Right now, the Pentium 4 3.2GHz doesn’t look like much of a value. Ok, that’s a bit of an understatement. Preliminary listings at online vendors currently show the P4 3.2GHz somewhere north of $700. When I first saw that price, something pulmonary went wrong for a split second there. By contrast, the Pentium 4 3.0GHz is hovering around $400, and the Athlon XP 3200+ show up at about $440. I’ll let you decide whether having the absolute fastest chip available is worth paying the premium.

I also reserve the right to mock you for paying $300 for an extra 200MHz.

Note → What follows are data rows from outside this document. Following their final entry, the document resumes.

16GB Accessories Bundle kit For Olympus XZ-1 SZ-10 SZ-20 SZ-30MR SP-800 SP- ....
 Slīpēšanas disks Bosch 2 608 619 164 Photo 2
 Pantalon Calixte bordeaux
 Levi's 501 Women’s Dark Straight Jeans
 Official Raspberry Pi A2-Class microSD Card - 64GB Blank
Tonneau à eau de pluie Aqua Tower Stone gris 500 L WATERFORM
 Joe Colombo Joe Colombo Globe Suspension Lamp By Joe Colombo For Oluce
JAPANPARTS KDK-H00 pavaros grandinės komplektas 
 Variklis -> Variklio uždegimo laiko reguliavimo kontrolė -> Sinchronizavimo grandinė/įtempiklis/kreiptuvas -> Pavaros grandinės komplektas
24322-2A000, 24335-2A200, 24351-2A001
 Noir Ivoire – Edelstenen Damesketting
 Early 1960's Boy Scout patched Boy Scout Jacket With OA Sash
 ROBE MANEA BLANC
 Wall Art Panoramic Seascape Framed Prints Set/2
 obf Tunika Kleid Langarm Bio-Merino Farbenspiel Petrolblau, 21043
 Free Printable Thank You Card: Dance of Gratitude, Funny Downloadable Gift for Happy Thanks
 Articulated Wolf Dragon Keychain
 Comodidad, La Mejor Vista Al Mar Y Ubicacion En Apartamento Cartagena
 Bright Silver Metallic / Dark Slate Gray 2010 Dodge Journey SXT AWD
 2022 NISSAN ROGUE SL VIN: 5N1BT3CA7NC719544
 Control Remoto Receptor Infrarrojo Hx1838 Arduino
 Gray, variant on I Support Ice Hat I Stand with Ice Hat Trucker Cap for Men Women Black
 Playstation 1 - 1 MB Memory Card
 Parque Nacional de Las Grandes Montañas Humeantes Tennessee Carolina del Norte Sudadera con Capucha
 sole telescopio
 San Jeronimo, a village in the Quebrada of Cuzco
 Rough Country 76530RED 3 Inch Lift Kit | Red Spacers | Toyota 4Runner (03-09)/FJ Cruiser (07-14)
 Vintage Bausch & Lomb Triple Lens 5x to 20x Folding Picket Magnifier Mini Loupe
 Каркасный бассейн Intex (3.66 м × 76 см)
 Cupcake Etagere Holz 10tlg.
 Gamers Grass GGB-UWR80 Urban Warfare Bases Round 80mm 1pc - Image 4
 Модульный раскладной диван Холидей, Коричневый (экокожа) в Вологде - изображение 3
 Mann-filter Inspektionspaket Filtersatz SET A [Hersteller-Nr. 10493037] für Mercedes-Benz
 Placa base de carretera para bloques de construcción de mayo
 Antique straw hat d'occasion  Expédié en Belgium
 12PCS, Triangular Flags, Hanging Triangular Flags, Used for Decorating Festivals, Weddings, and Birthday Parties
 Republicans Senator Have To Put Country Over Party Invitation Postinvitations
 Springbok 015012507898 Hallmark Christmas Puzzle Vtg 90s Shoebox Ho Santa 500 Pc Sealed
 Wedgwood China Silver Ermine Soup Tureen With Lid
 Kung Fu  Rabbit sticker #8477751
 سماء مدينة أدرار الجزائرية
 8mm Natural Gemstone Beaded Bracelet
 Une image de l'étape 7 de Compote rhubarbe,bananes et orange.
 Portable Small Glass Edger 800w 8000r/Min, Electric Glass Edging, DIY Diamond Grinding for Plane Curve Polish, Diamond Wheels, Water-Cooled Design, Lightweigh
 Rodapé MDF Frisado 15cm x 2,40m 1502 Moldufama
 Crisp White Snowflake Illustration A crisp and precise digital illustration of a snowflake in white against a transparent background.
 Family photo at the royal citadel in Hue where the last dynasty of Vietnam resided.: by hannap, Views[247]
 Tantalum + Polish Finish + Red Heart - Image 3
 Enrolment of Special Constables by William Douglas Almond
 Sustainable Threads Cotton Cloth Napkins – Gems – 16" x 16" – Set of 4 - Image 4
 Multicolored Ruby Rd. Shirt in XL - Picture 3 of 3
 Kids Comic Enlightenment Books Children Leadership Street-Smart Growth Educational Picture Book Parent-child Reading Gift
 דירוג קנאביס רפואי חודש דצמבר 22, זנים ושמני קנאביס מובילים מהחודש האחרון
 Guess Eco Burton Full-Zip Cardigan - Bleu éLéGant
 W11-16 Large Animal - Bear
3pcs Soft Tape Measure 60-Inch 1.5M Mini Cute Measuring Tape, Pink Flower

Those prices indicate a bit of trouble for AMD. The Pentium 4 2.8GHz generally matches or outperforms the Athlon XP 3200+, and the P4 2.8GHz is selling for around $275, or over $160 less than the 3200+. Unless AMD recognizes that its ratings system has been blown up by advances in Pentium 4 clock-for-clock performance and lowers prices accordingly, the question for many PC enthusiasts may no longer be whether to buy an Intel or AMD, but simply which Pentium 4 chip to buy.

Comments closed
    • Anonymous
    • 16 years ago

    The only diffrents Prescott from Northwood C —-> is larger L1 + L2 K memory, 13 more instructions and NetBrust Tech.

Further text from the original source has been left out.